Moving to UNC Greensboro and meeting women from Alpha Chi Omega as my friends before they were my sisters was transformative. These women boldly proclaimed that they were real and strong, and they spoke out about domestic and sexual assault in a way that made me feel as though blame could not and should not be placed squarely on my shoulders. After failing psychology that spring of my freshman year, I told my family the dark truth about what happened to me – because I found out the man long departed from our lives was remarried and with a stepdaughter, aged 12. Through literal trial and tribulation, I began to tell my story: to family, to friends, to Alpha Chi Omegas in a tearful conversation and, eventually, in a courtroom. It’s been a legal and spiritual testimony for me that has spurred conversation, and in some tragic instances, sharing my story has encouraged other young women to open up about what they’ve also endured.

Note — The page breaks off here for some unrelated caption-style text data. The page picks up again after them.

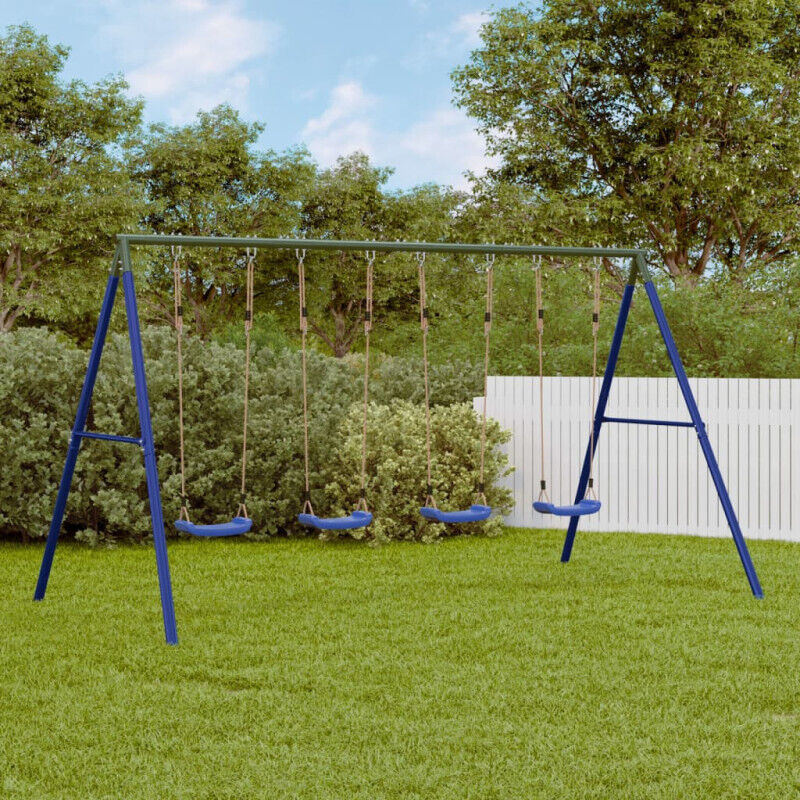 vidaXL Kinderschaukelgestell für den Außenbereich B 341 x H 185 cm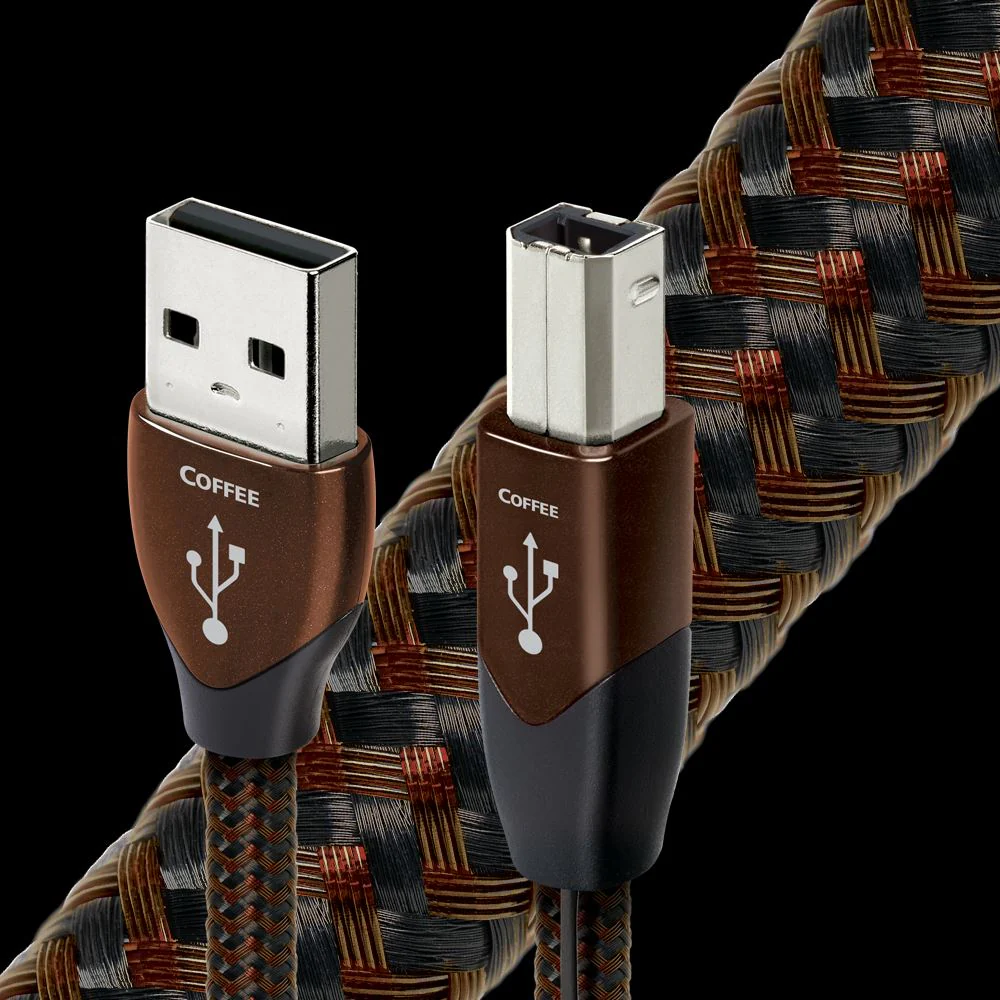 AudioQuest Coffee USB-A > B High-Definition Digital Audio Cable - Image 3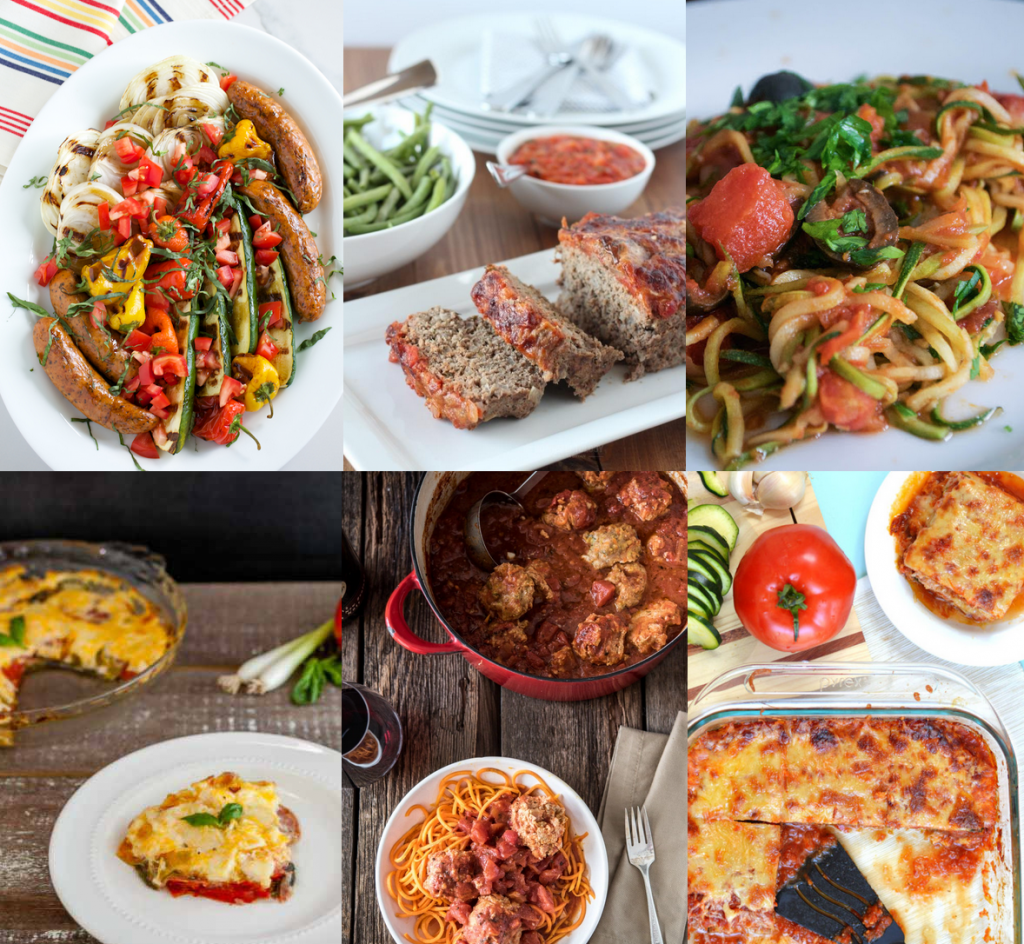 30+ Delicious Paleo Italian Recipes! • Oh Snap! Let's Eat!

My friends from Alpha Chi Omega never turned away from supporting me prior to sisterhood. They listened with empathy and compassion and truly gave me a sense that I would never endure another thing alone. The philanthropic focus of domestic violence awareness enabled me to see their passion for community and ending domestic violence in a genuine, authentic way. These women were boldly sharing their stories at various events, and in speaking with so many of them, my resolve to be part of it became that much greater.
I was extended a bid to Zeta Xi nearly two years after that tumultuous freshman spring and its ill-fated psychology class. Though I wish my journey in Alpha Chi began sooner, I know it’s only the beginning for me in this sisterhood. I continue to be involved in my phenomenal alumnae chapter, Pi Sigma Pi (Stars and Stripes Military), and in my initiate chapter as the philanthropy advisor (shout out to Tamara and Bianca!). I’m the obsessively proud mother of a little girl, a middle school teacher and the content director for an influencer. I’m here to remind our sisters that no one can dictate what your journey in life – or sisterhood – should look like for you.